▶ **Task brief**
Beginning with the line that contains "Riad Zaid, Prenota", retype the entries below exactly, ending with the line that contains "Sprunki Correct Color". Leave out any pictures.

▶ **Records for this exercise**
+++
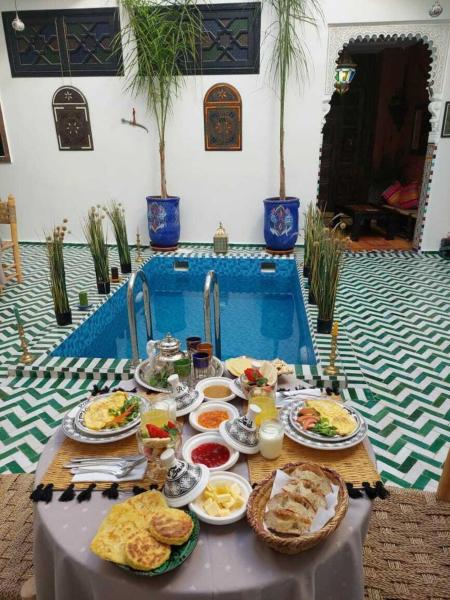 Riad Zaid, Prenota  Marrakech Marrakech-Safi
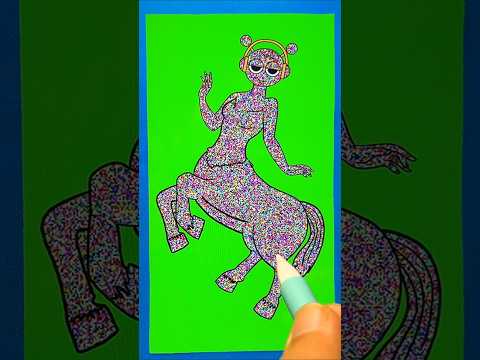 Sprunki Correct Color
+++
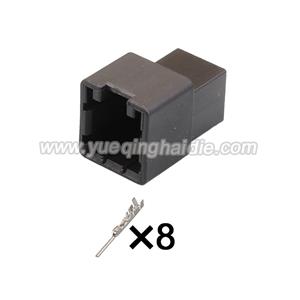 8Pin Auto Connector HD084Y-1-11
+++
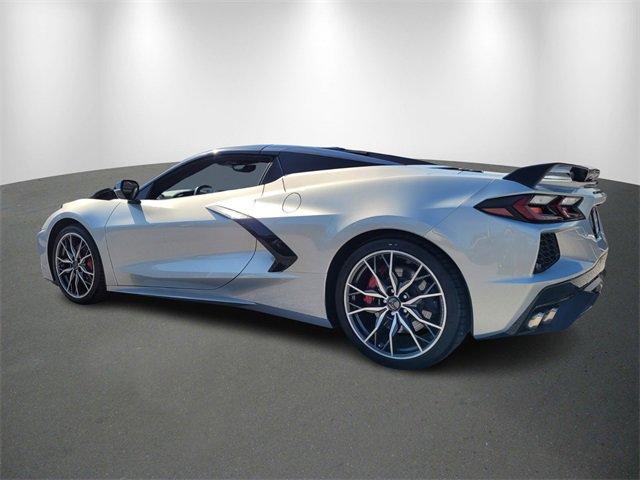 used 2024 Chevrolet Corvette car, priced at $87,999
+++
▶ **Solution to the exercise**
 Riad Zaid, Prenota  Marrakech Marrakech-Safi
 Sprunki Correct Color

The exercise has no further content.